### TASK ITEM:
Pull every line containing the word "Picture" from the records.

### PROVIDED DATA:
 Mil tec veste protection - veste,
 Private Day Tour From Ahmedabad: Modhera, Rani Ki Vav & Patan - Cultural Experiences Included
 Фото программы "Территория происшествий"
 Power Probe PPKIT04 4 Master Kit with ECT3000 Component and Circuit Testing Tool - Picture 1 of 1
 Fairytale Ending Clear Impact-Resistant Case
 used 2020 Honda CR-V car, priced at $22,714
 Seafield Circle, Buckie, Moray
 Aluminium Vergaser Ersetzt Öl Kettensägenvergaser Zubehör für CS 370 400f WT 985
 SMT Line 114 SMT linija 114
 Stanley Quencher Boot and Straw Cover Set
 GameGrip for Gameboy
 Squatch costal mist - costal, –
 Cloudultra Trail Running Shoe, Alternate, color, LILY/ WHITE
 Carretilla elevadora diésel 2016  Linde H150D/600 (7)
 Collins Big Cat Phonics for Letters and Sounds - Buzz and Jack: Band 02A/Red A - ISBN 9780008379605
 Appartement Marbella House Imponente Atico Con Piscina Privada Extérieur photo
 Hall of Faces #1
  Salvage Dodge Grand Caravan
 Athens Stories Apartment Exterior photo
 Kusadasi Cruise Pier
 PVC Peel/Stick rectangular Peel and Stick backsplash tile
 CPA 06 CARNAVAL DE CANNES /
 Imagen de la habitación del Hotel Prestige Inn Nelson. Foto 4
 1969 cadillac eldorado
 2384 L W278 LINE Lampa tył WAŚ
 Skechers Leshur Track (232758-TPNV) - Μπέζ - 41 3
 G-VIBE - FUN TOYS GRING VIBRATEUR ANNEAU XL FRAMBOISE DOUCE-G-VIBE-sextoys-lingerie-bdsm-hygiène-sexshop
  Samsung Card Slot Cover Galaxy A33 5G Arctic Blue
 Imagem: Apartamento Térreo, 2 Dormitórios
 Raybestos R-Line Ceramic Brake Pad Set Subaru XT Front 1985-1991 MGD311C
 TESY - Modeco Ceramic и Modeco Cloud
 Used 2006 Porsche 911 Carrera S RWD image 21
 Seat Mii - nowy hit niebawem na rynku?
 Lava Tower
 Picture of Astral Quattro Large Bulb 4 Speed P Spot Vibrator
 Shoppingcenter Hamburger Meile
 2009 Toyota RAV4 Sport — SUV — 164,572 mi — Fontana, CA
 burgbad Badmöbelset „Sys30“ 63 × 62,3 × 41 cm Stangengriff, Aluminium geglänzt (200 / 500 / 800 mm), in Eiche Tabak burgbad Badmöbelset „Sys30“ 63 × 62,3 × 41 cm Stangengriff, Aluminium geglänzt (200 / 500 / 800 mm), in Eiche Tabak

### ANSWER SECTION:
 Power Probe PPKIT04 4 Master Kit with ECT3000 Component and Circuit Testing Tool - Picture 1 of 1
 Picture of Astral Quattro Large Bulb 4 Speed P Spot Vibrator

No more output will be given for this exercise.